* [Problem details]: Track down every line below that holds "photo" and copy it.

* [Entries shown]:

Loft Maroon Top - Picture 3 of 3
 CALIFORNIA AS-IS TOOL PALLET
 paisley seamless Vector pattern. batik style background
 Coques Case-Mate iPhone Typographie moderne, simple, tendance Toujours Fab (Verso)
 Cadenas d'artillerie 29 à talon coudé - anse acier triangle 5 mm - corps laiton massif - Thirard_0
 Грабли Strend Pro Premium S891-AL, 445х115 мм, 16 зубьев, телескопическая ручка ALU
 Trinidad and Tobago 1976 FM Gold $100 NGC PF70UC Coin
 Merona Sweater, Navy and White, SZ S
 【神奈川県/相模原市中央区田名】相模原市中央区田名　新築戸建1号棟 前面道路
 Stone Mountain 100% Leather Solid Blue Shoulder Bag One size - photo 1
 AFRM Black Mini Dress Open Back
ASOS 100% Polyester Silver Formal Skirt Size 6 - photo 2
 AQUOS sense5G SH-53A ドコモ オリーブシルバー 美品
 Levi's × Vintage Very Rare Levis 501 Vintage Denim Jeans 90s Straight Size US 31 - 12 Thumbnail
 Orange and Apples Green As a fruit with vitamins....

* [Task solution]:
 Stone Mountain 100% Leather Solid Blue Shoulder Bag One size - photo 1
ASOS 100% Polyester Silver Formal Skirt Size 6 - photo 2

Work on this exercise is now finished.